TASK DESCRIPTION:
The task calls for the lines below from the line with "Sogo Sports Hat" to the line with "mit asymmetrischem Kragen", both ends included, copied exactly, without any pictures.

BEGIN

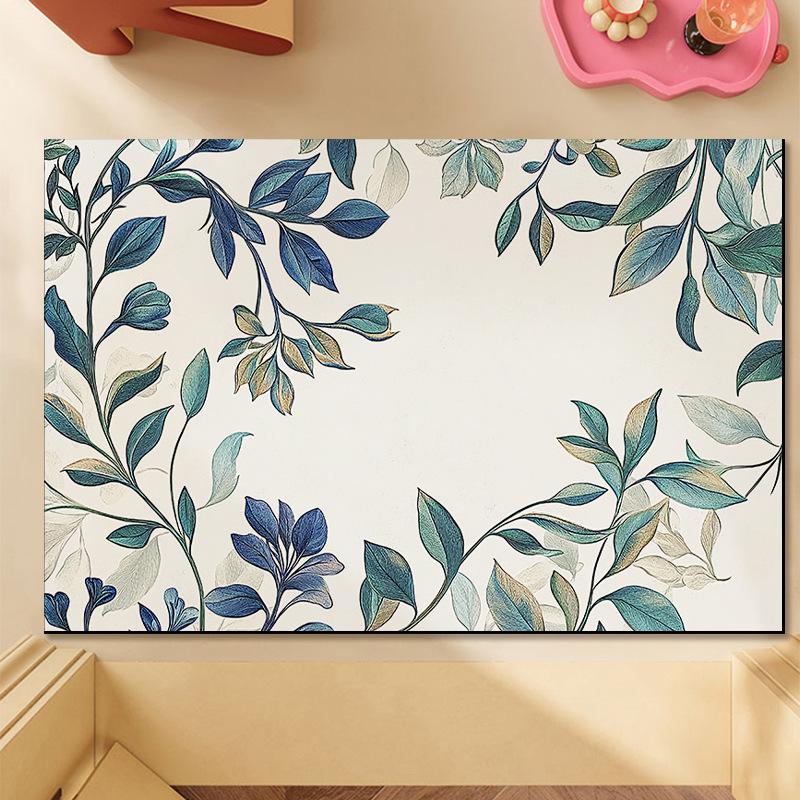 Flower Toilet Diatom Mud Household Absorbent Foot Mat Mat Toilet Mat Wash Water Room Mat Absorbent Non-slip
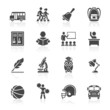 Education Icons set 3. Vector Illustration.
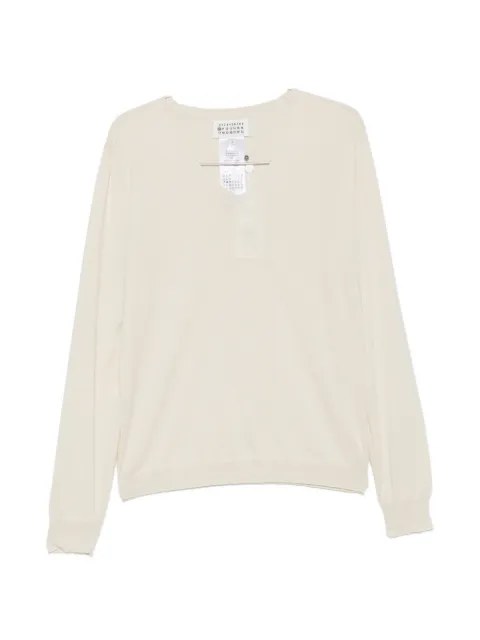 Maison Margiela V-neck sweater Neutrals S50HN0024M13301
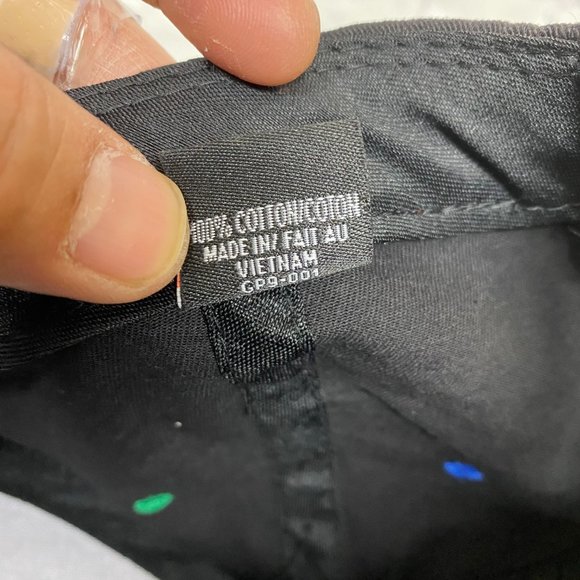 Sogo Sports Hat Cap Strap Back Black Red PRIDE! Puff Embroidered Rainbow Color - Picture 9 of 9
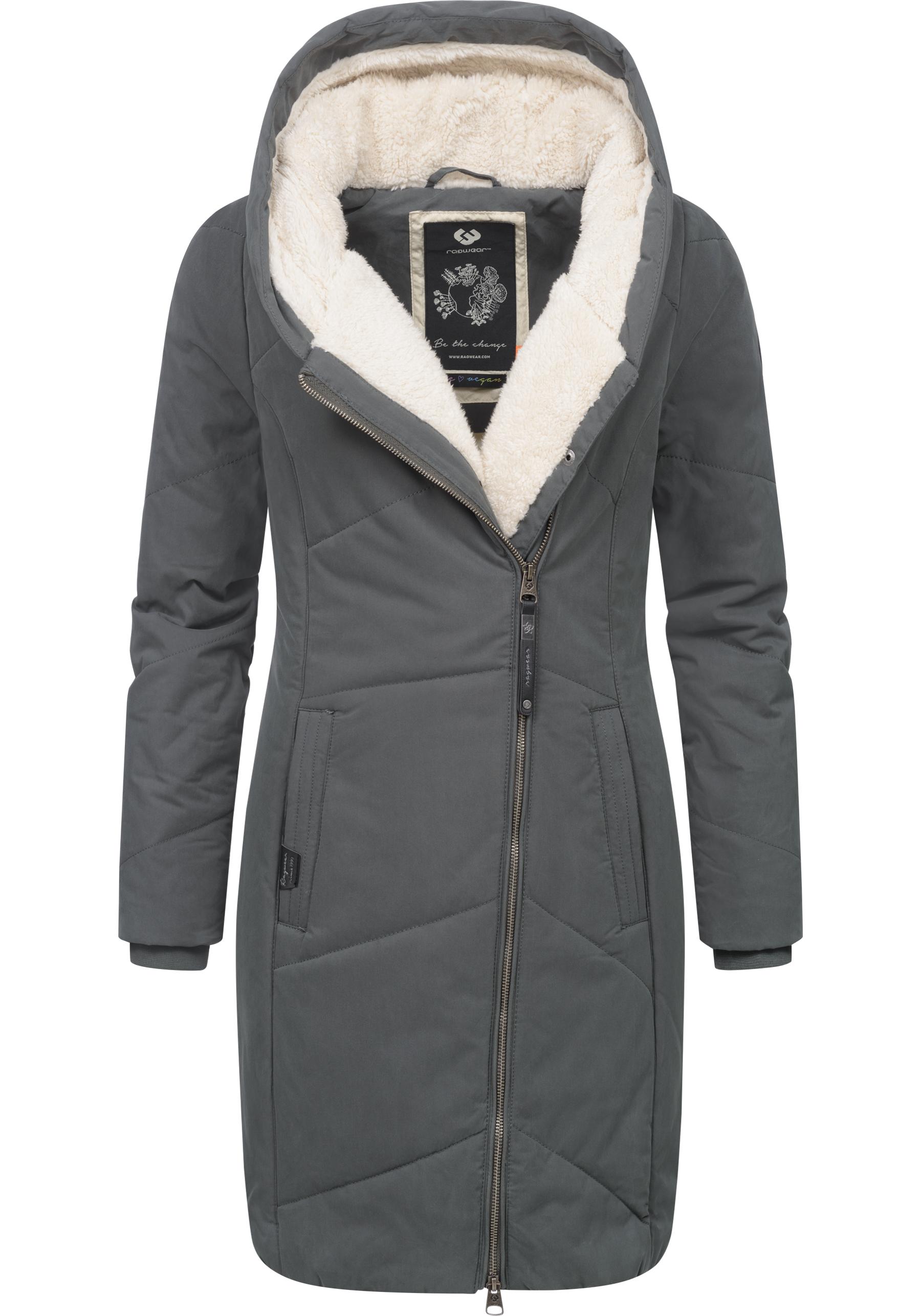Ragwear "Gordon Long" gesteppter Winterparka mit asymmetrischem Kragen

END
BEGIN

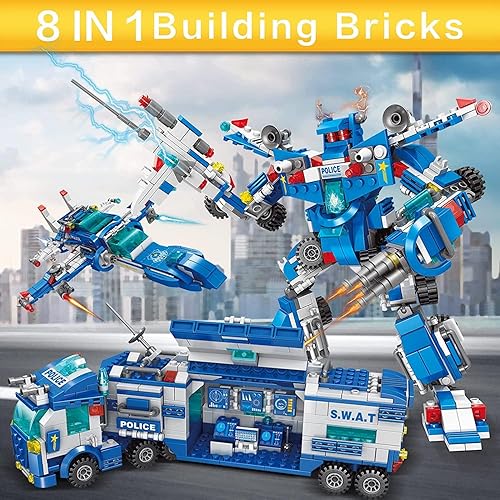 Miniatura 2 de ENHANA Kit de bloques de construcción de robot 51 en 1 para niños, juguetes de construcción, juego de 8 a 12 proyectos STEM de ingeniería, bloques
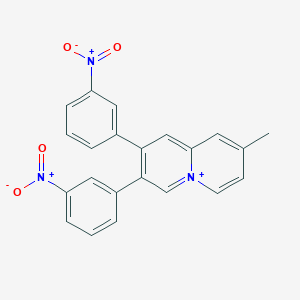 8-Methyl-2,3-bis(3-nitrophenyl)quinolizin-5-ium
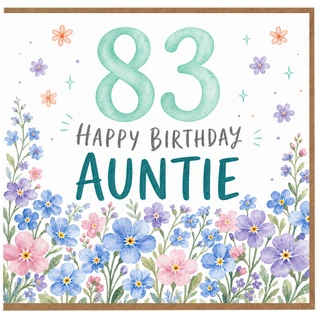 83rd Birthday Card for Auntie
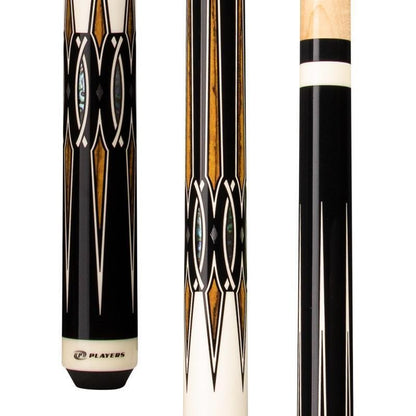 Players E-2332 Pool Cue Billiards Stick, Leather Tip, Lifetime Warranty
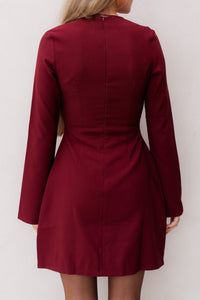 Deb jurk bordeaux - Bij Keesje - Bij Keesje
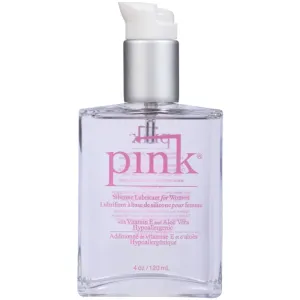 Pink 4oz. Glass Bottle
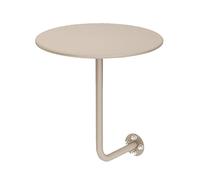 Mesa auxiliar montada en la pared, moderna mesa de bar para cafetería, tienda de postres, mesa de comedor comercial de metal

END
BEGIN

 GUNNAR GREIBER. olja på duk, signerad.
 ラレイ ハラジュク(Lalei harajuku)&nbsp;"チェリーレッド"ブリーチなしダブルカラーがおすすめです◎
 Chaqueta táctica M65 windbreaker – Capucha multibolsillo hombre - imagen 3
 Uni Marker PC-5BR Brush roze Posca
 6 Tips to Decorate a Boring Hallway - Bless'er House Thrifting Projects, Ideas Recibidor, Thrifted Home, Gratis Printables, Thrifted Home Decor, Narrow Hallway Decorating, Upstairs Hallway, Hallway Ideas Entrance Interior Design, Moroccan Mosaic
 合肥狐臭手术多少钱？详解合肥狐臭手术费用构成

END

ANSWER TO THIS TASK:
 Sogo Sports Hat Cap Strap Back Black Red PRIDE! Puff Embroidered Rainbow Color - Picture 9 of 9
Ragwear "Gordon Long" gesteppter Winterparka mit asymmetrischem Kragen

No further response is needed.